One of the early challenges for a newly appointed CMO is to decide how she is going to structure her marketing organization. This decision is normally a reflection of her strategy, exposure to a variety of structures at prior companies, and the organization’s existing structure. There are a lot of ways to do this, but I believe the ideal option is ultimately a matrixed organization structured around marketing functions and target customer segments.
This is not too dissimilar from how most marketing organizations are structured today, by function, but it layers on and emphasizes customer segments. This is done by taking members of the various functional teams, like Market Research, Demand Generation, and Customer Marketing, and assigning them to virtual teams assigned to specific customer segments. These virtual teams would be augmented with members from any of the other departments, like Sales and IT, as needed.
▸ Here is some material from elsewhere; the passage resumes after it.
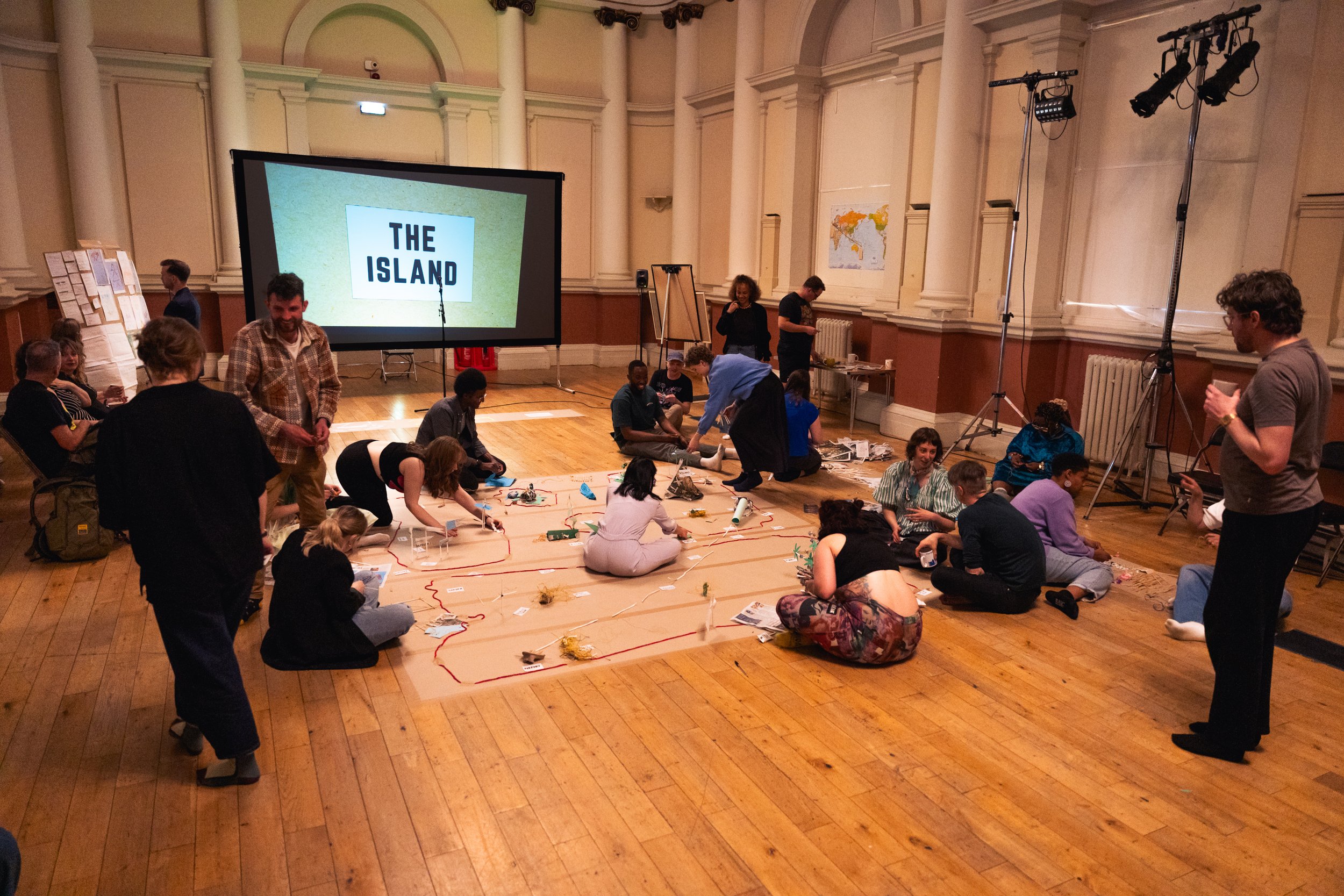 A group of adults sit around a large paper creating objects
The trick is that the organization’s goals would be set for each segments, including targets for all stages of the customer lifecycle, like customer acquisition cost and lifetime value, and shared by all members of the virtual team. In that way, a team like Market Research could set functional goals, but they would have to be in service to the broader goals for the segments they are supporting.
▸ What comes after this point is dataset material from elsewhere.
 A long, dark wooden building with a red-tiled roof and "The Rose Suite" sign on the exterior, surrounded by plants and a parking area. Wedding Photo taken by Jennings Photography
This type of structure provides a number of benefits.
- It limits the number of target segments that a marketing organization can support, allowing the teams to operationalize around those segments effectively. A small marketing organization would need to focus on 1-2 segments max. And as the number of target segments increase, the size of the marketing organization would need to increase as well.
- It provides a shared set of goals for a cross-functional team, creating one of the elements of an adaptable organization, a mesh network set of relationships, as described by General McChrystal in his excellent book Team of Teams. This type of organization is better suited to handle the complexity and evolving needs of today’s markets.
- It orients the organization around the customers via the virtual teams and shared segment goals without sacrificing the ability to develop deep functional expertise in each of the marketing teams.
- It allows all fo the teams to have context into the broader set of activities that are required to attract new customers, develop strong relationships with those customers, and gradually build the strong brands required to remain relevant in the fragmenting and blurring hyper-competitive markets.
If I were designing a marketing organization today, this is how I would structure it for the aforementioned reasons. But creating the right marketing structure isn’t enough for the organization to be effective. It would need to also be supported with the data, tools, and executive support necessary to make good decisions and test new strategies to improve performance through a perpetual cycle of test and learn.